AVAILABLE DATA Start Marker
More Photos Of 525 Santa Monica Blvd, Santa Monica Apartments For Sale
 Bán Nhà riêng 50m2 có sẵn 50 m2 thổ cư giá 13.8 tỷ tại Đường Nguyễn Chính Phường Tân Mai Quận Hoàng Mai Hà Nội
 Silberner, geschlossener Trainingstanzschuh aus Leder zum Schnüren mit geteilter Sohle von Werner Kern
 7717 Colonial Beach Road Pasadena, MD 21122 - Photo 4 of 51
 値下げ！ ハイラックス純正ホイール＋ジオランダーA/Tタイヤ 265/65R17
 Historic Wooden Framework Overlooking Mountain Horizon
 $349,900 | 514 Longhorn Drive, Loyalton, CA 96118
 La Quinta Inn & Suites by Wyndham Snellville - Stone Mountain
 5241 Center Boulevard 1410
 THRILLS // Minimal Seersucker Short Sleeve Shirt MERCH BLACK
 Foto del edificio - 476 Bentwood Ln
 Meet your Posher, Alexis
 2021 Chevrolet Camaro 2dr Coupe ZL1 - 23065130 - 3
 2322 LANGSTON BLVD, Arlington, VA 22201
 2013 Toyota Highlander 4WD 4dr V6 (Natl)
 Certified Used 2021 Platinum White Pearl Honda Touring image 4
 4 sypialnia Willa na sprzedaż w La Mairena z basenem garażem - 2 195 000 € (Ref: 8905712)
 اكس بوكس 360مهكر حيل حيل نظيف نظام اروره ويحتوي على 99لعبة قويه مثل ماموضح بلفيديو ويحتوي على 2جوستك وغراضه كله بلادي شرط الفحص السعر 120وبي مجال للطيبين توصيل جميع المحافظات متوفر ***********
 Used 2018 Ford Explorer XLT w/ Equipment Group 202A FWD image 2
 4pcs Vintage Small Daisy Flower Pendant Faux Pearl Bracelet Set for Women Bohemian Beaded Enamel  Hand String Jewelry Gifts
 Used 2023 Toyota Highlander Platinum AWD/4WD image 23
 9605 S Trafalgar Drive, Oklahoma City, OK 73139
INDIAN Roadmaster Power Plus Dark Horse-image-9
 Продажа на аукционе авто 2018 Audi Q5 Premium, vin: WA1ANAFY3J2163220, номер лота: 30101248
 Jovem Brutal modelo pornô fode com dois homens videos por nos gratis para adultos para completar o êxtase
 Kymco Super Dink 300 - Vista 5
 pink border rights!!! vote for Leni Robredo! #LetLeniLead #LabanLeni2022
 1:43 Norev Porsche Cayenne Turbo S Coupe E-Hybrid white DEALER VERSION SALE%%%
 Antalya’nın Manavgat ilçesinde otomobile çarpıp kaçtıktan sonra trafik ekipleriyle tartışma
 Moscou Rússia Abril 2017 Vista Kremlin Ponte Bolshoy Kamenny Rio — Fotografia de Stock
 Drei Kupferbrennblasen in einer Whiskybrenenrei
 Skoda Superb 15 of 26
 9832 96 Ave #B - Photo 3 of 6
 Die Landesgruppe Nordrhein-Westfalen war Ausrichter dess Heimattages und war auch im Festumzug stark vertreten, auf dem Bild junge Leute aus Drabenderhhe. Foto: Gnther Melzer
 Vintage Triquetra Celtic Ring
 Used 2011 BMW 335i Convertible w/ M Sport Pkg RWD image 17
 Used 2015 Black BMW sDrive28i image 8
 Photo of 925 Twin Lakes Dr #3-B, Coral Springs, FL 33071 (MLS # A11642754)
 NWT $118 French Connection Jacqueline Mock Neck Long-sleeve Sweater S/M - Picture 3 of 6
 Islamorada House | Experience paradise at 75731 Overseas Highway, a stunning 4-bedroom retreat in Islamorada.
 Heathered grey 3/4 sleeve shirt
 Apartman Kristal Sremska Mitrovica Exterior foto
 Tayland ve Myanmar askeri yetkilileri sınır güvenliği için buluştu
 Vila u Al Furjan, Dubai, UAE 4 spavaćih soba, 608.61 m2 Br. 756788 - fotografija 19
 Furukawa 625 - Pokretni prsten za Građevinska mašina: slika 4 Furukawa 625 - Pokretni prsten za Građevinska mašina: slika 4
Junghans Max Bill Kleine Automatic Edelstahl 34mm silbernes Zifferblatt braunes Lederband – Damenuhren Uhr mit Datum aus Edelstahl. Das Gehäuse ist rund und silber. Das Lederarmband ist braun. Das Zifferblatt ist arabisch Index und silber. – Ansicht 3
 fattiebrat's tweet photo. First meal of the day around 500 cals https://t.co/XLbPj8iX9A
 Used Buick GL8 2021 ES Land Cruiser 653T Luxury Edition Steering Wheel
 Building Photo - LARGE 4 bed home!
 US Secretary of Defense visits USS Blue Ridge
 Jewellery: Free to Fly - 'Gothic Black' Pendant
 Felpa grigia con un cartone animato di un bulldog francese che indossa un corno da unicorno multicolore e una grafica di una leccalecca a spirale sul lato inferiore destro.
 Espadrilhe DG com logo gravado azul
AVAILABLE DATA End Marker
*WORK TASK*. Transcribe exactly the line containing "Tayland ve Myanmar" and all remaining lines of the material, ending with the last one.

*ANSWER FOR THE TASK*.
 Tayland ve Myanmar askeri yetkilileri sınır güvenliği için buluştu
 Vila u Al Furjan, Dubai, UAE 4 spavaćih soba, 608.61 m2 Br. 756788 - fotografija 19
 Furukawa 625 - Pokretni prsten za Građevinska mašina: slika 4 Furukawa 625 - Pokretni prsten za Građevinska mašina: slika 4
Junghans Max Bill Kleine Automatic Edelstahl 34mm silbernes Zifferblatt braunes Lederband – Damenuhren Uhr mit Datum aus Edelstahl. Das Gehäuse ist rund und silber. Das Lederarmband ist braun. Das Zifferblatt ist arabisch Index und silber. – Ansicht 3
 fattiebrat's tweet photo. First meal of the day around 500 cals https://t.co/XLbPj8iX9A
 Used Buick GL8 2021 ES Land Cruiser 653T Luxury Edition Steering Wheel
 Building Photo - LARGE 4 bed home!
 US Secretary of Defense visits USS Blue Ridge
 Jewellery: Free to Fly - 'Gothic Black' Pendant
 Felpa grigia con un cartone animato di un bulldog francese che indossa un corno da unicorno multicolore e una grafica di una leccalecca a spirale sul lato inferiore destro.
 Espadrilhe DG com logo gravado azul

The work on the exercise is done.